Is there a way in which I can justify for an widened control limit?
My colleague suggested increasing the control limits to +/-6 sigma, since the Cpk obtained at 6 sigma is greater than 2. I have always know the formula for Cpk as (USL-mean)/3sigma and was surprised to hear that when the control limits are set at +/- 6sigma, the Cpk for the process changes to USL-mean)/6sigma. Is this a statistically sound method?
Darius 28th March 2007, 11:37 AM My colleague suggested increasing the control limits to +/-6 sigma, since the Cpk obtained at 6 sigma is greater than 2. I have always know the formula for Cpk as (USL-mean)/3sigma and was surprised to hear that when the control limits are set at +/- 6sigma, the Cpk for the process changes to USL-mean)/6sigma. Is this a statistically sound method?
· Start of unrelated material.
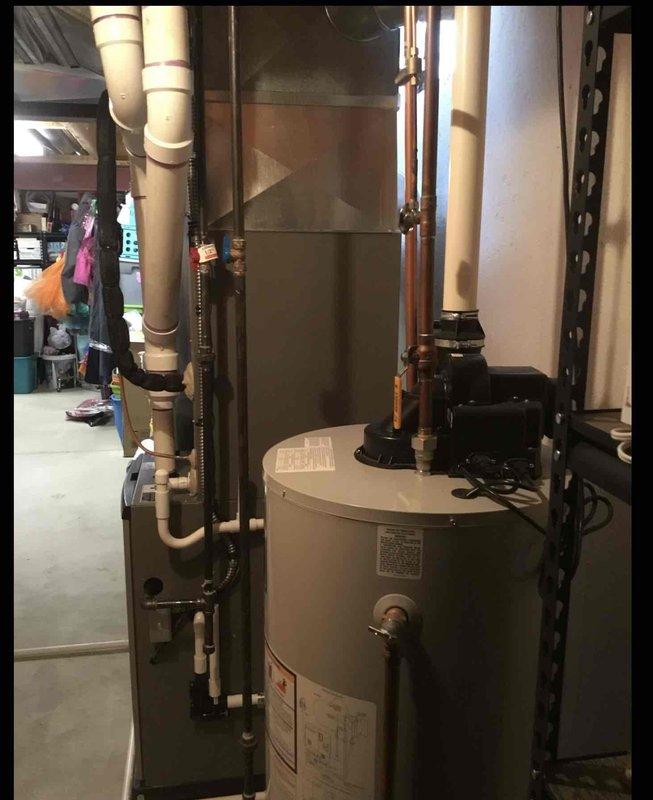 Performed comprehensive water heater assessment in basement utility area for existing Bradford White Defender Safety System unit that was operational but experiencing performance issues. Evaluated current installation configuration including copper supply piping, pressure relief valve, expansion tank mounted on top of unit, shut-off valves, and venting system to determine replacement specifications. Documented existing natural draft or power vent setup, photographed current equipment layout including proximity to HVAC system and available clearances, and provided estimate for new water heater installation to restore optimal hot water delivery and system efficiency.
IMHO A big NO about control limits at +/- 6 sigma, but agree with the /6sigma change if you are going to use it. The reason about it is that the Cpk divides how far you are from the specs by the half of the process spread (3sigma in the original equation, and if you dear to change the process spead to 6sigma it must be it)
Your problem seems that your process is a chemical batch or something like that, so the autocorrelation is too high, making the control limits to tight. I saw once a chemical batch with a chemical concentration taken every 15 minutes, the variation between points where to small but because the specs where big, no control was needed until some point (the LSL), so something like a chainsaw chart happen and the control limits where almost the same value as the mean leaving to many points outside of control limits (almost all). There are 3 ways (4 if you like your first approach) to skin the fish.
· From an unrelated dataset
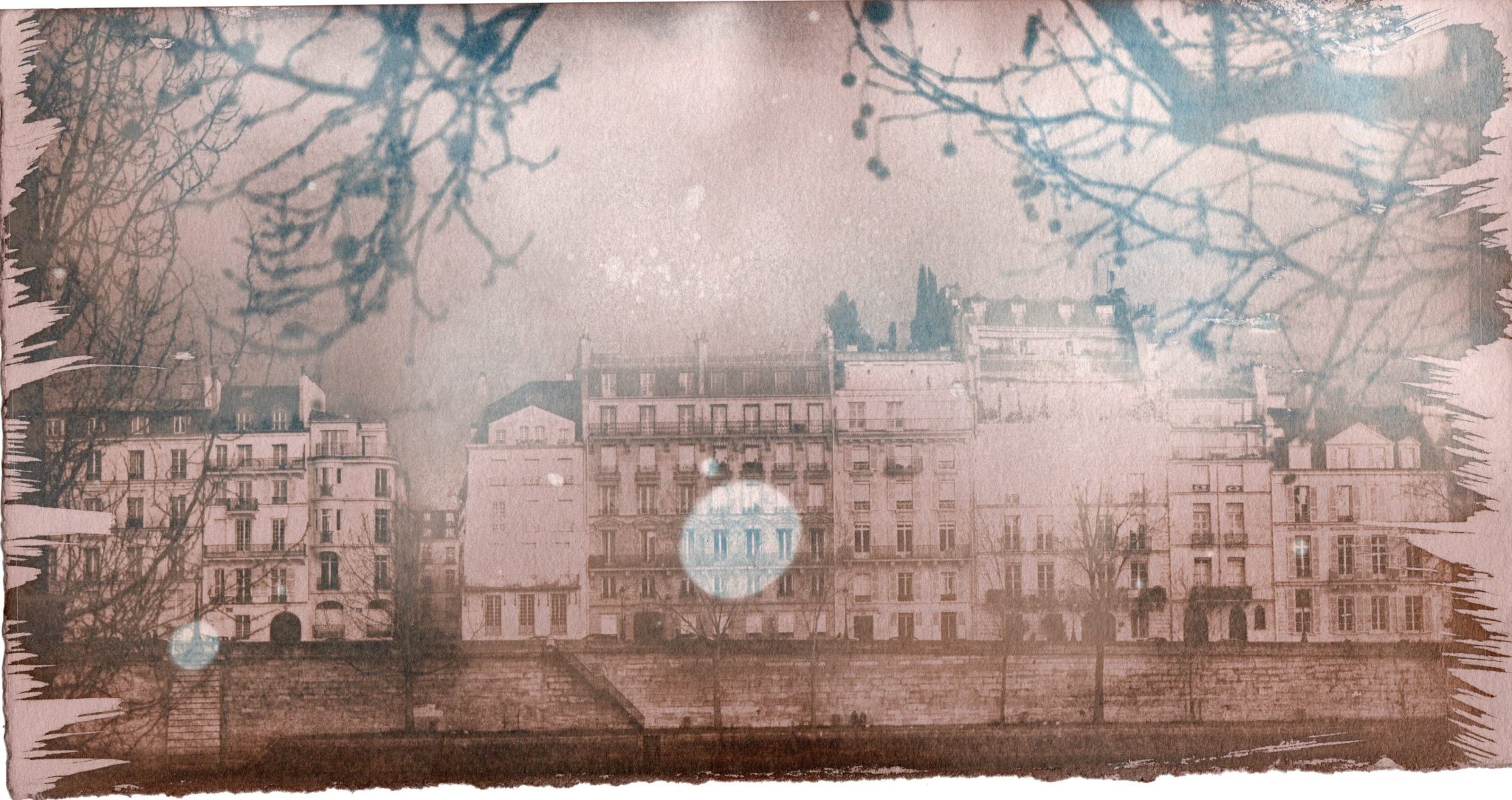 Soft pink-toned cityscape with bare branches and a pale circular reflection.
1-to take take more time between measures
2-to add autocorrelation to your chart.
3-to take the trend into acount.
The numbers 1,2,3 is in order of complexity. My favorite ones is number 2. Altho some guys may say that with a bigger sample size (option number 1.5), IMHO it just hiddes the behabiur.
Check on autocorrelation factor, Donlad Wheeler wrote about it in his SPC books.
The autocorrelation factor affect the estimate for variation in a IXMR chart (individuals with moving range).
x y
__ __
s1 s2
s2 s3
s3 s4
r^2 = ((n Sxy - Sx Sy )^2/((n Sx^2 – (Sx)^2 )* (n Sy^2 – (Sy)^2))
the factor is
Factor =(1-r2)^-0.5
SD within sample with autocorrelation =SD within sample without autocorrelation * Factor:magic:
wchuey 28th March 2007, 09:00 PM Hi Darius,
We are using the Xbar-s chart with a subgroup size of 15 with wirepull strength data as inputs.
Steve Prevette 28th March 2007, 09:09 PM Is there a way in which I can justify for an widened control limit?
NO.
Are you sure you have calculated the current limits properly?
Now, there is always a chance for a false alarm when control charting. It shouldn't happen very often, but it can and will eventually happen.
Miner 28th March 2007, 09:49 PM Hi Darius,
We are using the Xbar-s chart with a subgroup size of 15 with wirepull strength data as inputs.
Have you tried reducing the subgroup size? You could take an existing chart and model new limits using a subgroup size of 10 and 5 until you get the level of responsiveness that you want.
wchuey 28th March 2007, 10:25 PM Hi,
There are 15 wires in a unit which is why the subgroup size is set as 15. I am looking into the autocorrelation factor as suggested by Darius. This is something new to me and would appreciate if you guys could direct me to any relevant websites. Thanks!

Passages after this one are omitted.